The story takes a child-friendly adventure through Tolstoy’s famous questions:
Who is the most important one?
What is the right thing to do?
When is the best time to do things?
The main idea– give all of your attention to the present scene and players, and do everything you can to contribute.
The most important one, is the one you are with… and the right thing to do, is what he most needs…. and the best time to do it is now.
“The most necessary man is he with whom you are.”~Leo Tolstoy
I have been struck by how much these questions resonate with Seb (age 6). When it is just the 2 of us playing or talking, he will stop the action and ask with a big smile, “who is the most important one?” Or, when he wants to do something fun he will remind me, “when is the best time to do things?”
People need undivided attention. They want to be listened to, and really heard. They need to know that they are the most important one– at least in that moment.
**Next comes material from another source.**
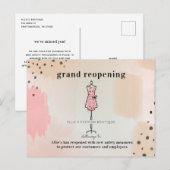 Grote heropening Kleding Boutique Store Pink Briefkaart (Voorkant / Achterkant)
This is at the core of my values as a leader, and at the same time, it is a constant struggle to put into practice. I don’t have this handled.
It is easy to think we are doing it all– that we’re handling the juggling act with grace, and that were giving folks what they need. There is so much that is urgent, and coming in through so many channels. I am constantly picking up the phone, while on a conference call, and have text messages beeping in. And yet, I try to convince myself that I am “listening” to all 4 conversations: the conference call, the new caller, the urgent texter, and the conflicted conversations in my brain. I am not fooling any of us.
If you are a newer leader who has not yet stumbled on the classic work of Stephen Covey, the great leadership writer, whose life we celebrate this week, I would start there. Covey’s First Things First, has some solid principles that still guide my work today, and is amongst my most frequently gifted books. I also find value in outside practices that help me to clear my brain and let me approach the tougher situations with a bit more clarity: prayer, yoga, and exercise seem to work for me. Many also find deep power in meditation.
Is the “most important one” always the one you are with? Of course not. Sometimes, you must switch gears. But, it is an awfully good place to start.